Crónica inspirada numa história real
Morreu.
Morreu de quê?
De morte administrativa.
É jovem, cabo-verdiano, vivo e de boa saúde. Acaba de descobrir que, afinal, está oficialmente morto. Morto desde os dois anos de idade. Não metaforicamente morto — morto mesmo, nos registos do Estado, com certidão e tudo.
A história começa quando o cidadão, hoje com trinta anos, precisou de uma certidão de nascimento atualizada para registar o filho que tinha acabado de nascer.
Simples, não é? Mas a alegria de ser pai depressa se transformou em angústia e stress. O sistema, impiedoso e infalível, informou-o de que não constava entre os vivos. “Falecido”, dizia a base de dados, com frieza eletrónica.
Imagino o diálogo. Ele, de olhos arregalados, a argumentar desesperadamente que estava vivinho da silva, que o seu coração batia; e o funcionário, imperturbável, com cara de quem comeu e não gostou, a repetir:
— Lamento, mas é o que está no sistema.
Porque estes sistemas agora têm vida própria — e, pior, têm personalidade e que personalidade!

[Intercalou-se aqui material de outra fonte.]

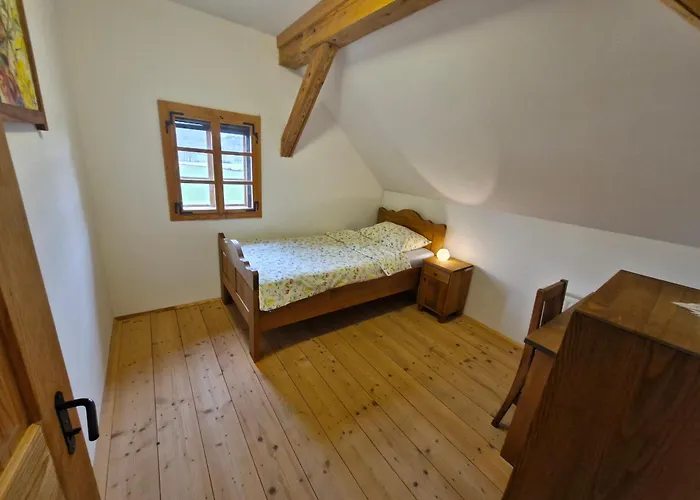 Grafonzeva Domacija Zgornja Scavnica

Que trapalhada e que trabalheira será para ele “regressar ao mundo dos vivos”! Provavelmente vão lhe exigir que apresente testemunhas, declarações e talvez até um selo azul que vão inventar na hora para que ele fazer prova de que afinal o seu coração ainda bate.

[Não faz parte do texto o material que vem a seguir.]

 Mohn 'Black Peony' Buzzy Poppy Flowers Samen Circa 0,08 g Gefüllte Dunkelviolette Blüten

Parece ficção, mas não é. É uma história tão perturbadora quando absurda — e que merecia um pedido formal de desculpas do Estado. Mas “desculpas” é palavra que raramente se ouve no aparelho público. Bonecam-nos daqui, bonecam-nos dali, e sem costas quentes alguém é ninguém.
Se o jovem conseguir recuperar o humor depois desta novela burocrática, talvez um dia, quando tudo estiver resolvido e alguém lhe perguntar se tem uma história memorável para contar, ele sorria e diga:
— Se tenho! Sou um cabo-verdiano que morreu, ressuscitou — e tudo está devidamente documentado.